Mucormycosis, known as black fungus, is a life-threatening fungal infection. The growing number of case mortality and morbidity reported globally during the second wave of the Corona Virus Disease 2019 infection (COVID-19) suggested a high coinfection rate of mucormycosis among COVID-19 patients, where the infection rates of Mucormycosis in COVID-19 patients have been increased.
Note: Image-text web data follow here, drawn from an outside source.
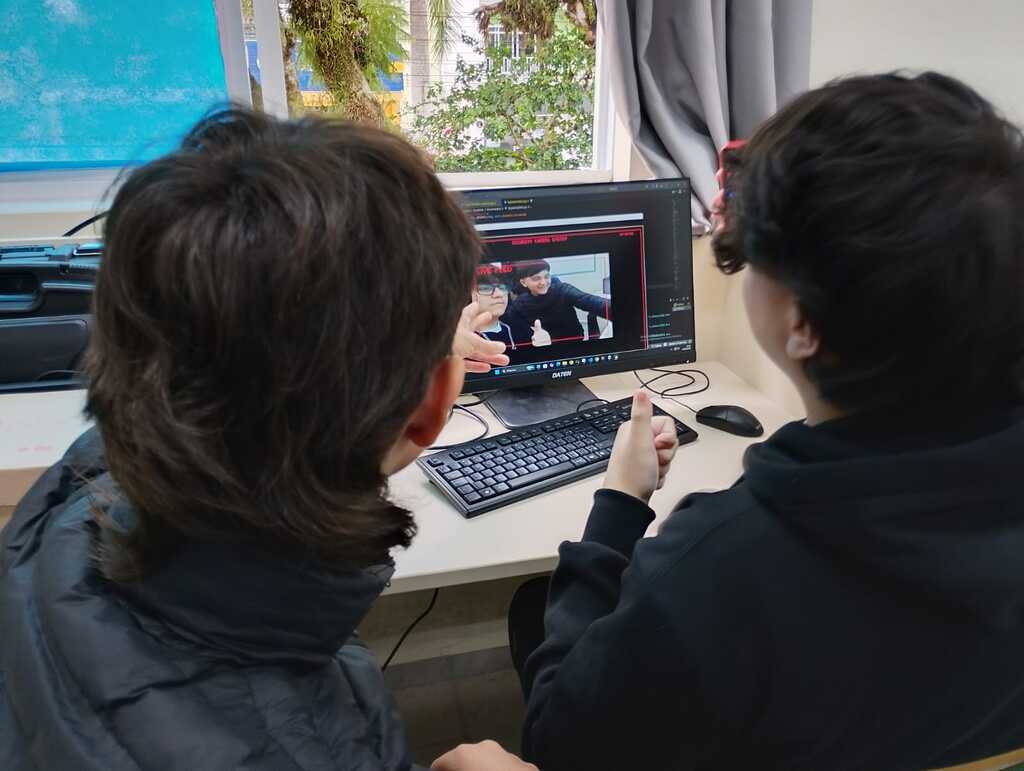 ESTUDANTES DESENVOLVEM APLICATIVO DE VIGILÂNCIA COM DRONES NA EEB DE ARARANGUÁ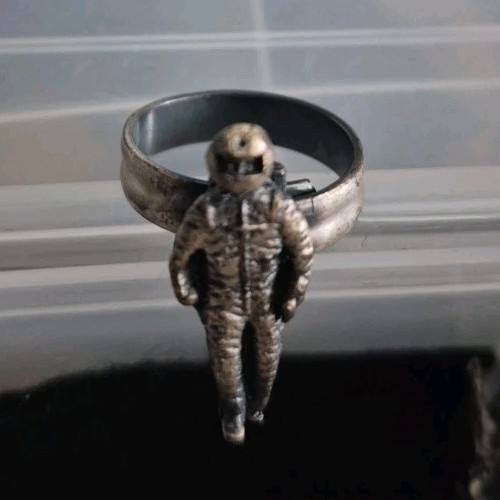 Astronaut Adjustable Ring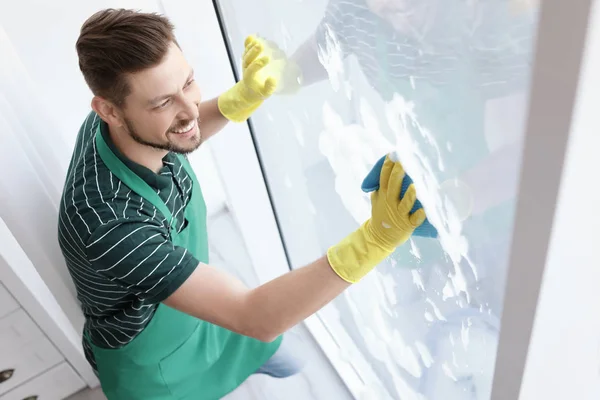 男工人在家洗窗玻璃 — 图库照片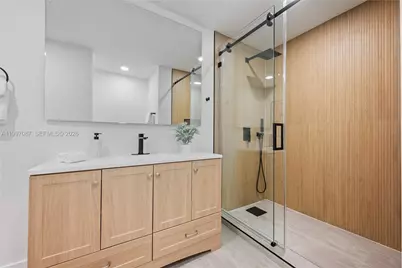 1405 Lenox Ave, Miami Beach, FL 33139 - Photo 17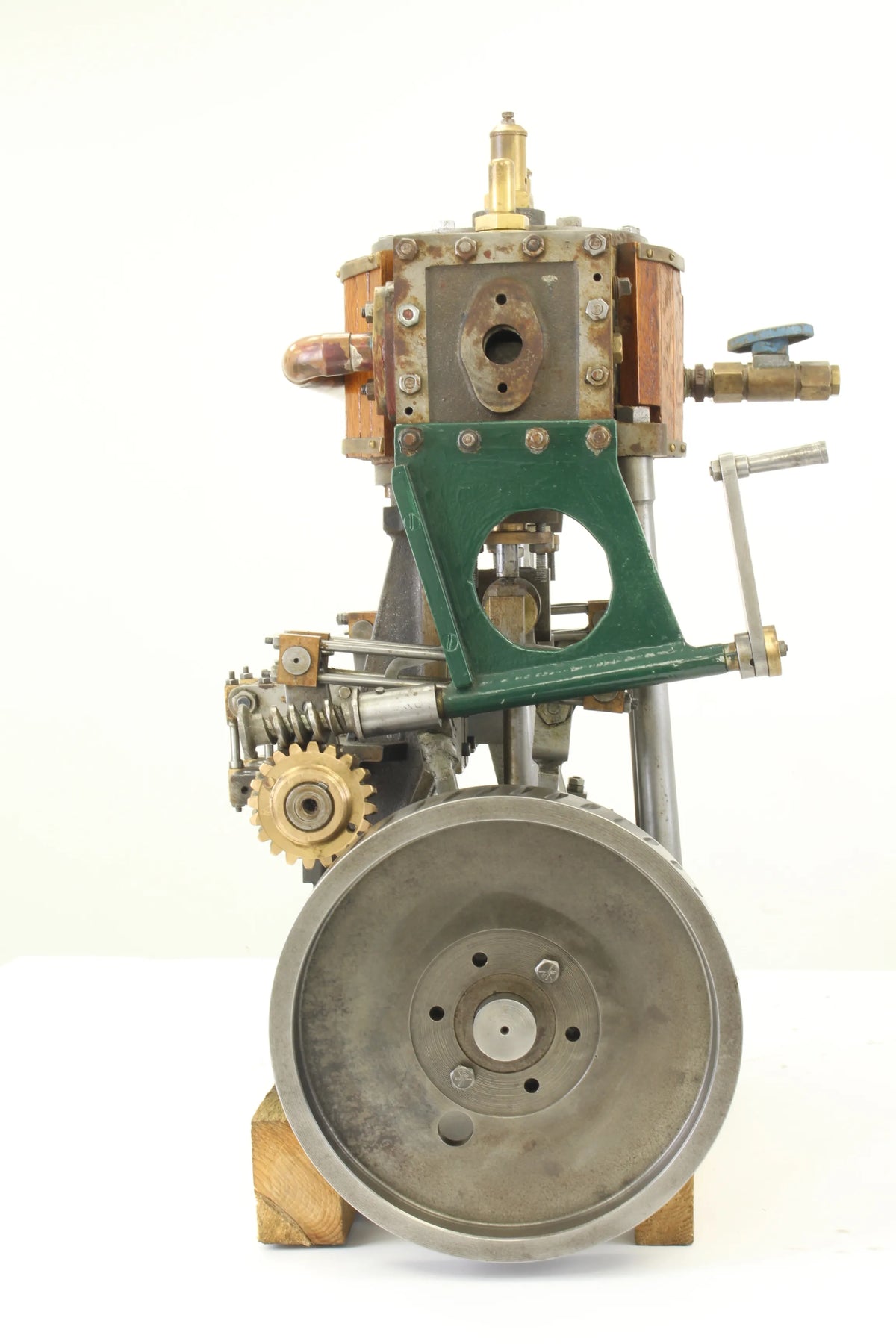 Leak compound engine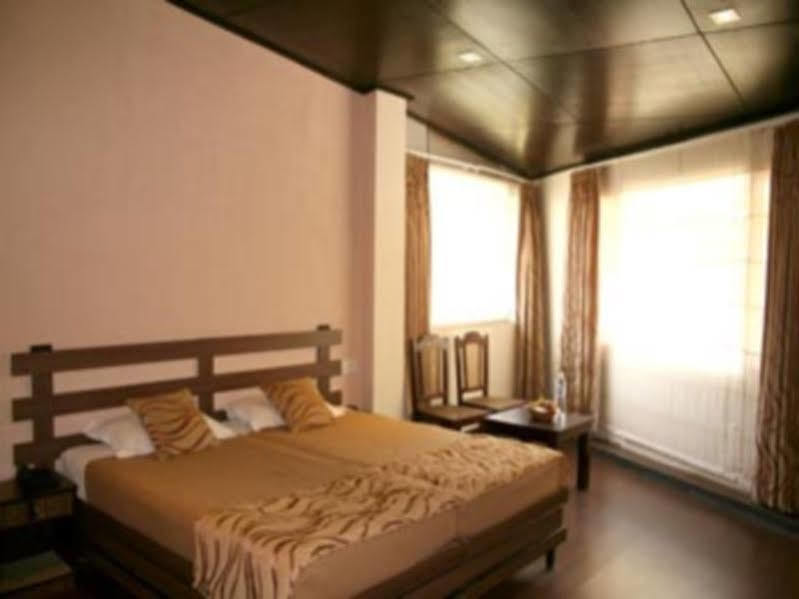 The Corner Hotell Nainital Eksteriør bilde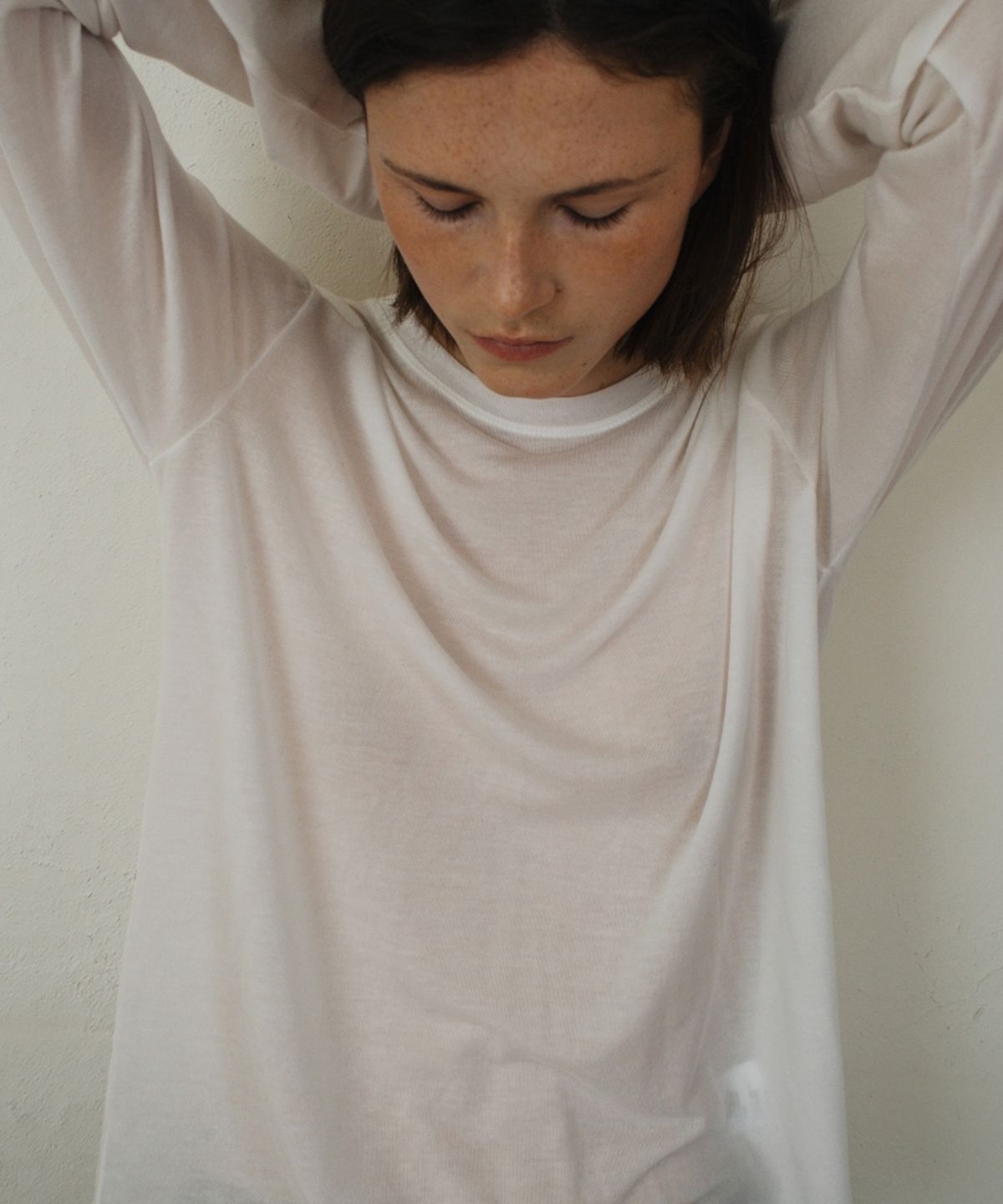 어나우트(UNNOUT) RELAXED WOOL T-SHIRT WHITE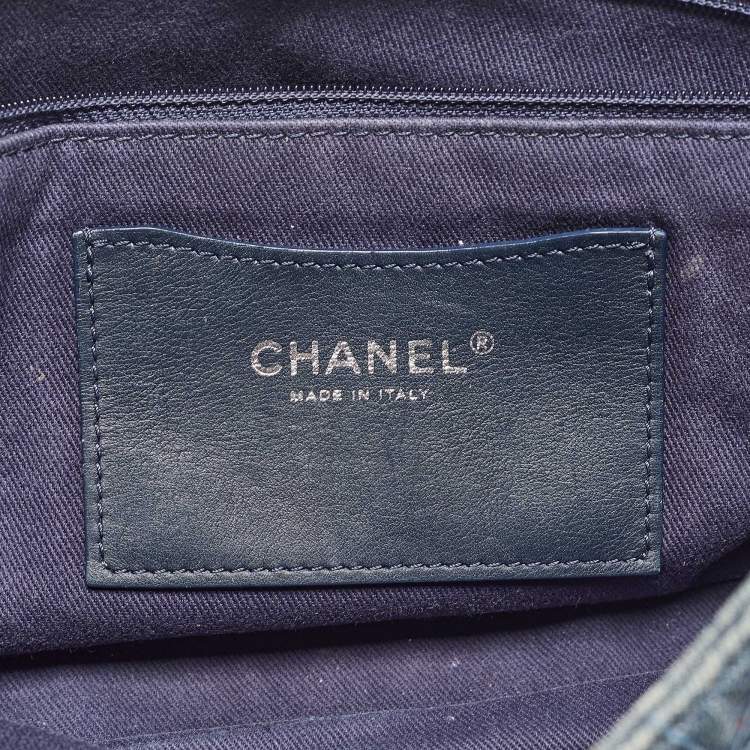 Pre Owned Chanel Blue Quilted Denim CC Camelia Embroidered Flap Bag
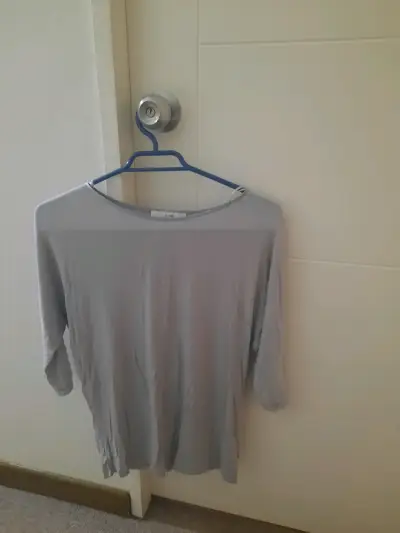 Polera gris manga larga para mujer - miniatura 1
Current work presents a hypothesis of the molecular interactions that favor the coinfection between the coronavirus SARS-CoV-2 and the mucormycosis fungi. The present research work explains the observed increased morbidity and mortality coinfection in COVID-19 patients with mucormycosis by using the proposed computational molecular model of the fungus spore coat protein that binds to the spike protein of the SARS-CoV-2 virus. The SARS-CoV-2 RBD complex with ACE2 and GRP78 binds to the CotH3 ligand of mucormycosis, carrying it into the host cells during COVID-19 infection. The findings from this study explain that the COVID-19 infection generates an appropriate environment for the spread of Mucorales, resulting in a high infection rate of mucormycosis. The outcome from this study suggests that COVID-19 patients with severe symptoms be evaluated for mucormycosis infection when comorbidities are present, and further research is needed to evaluate the potential association between both infections.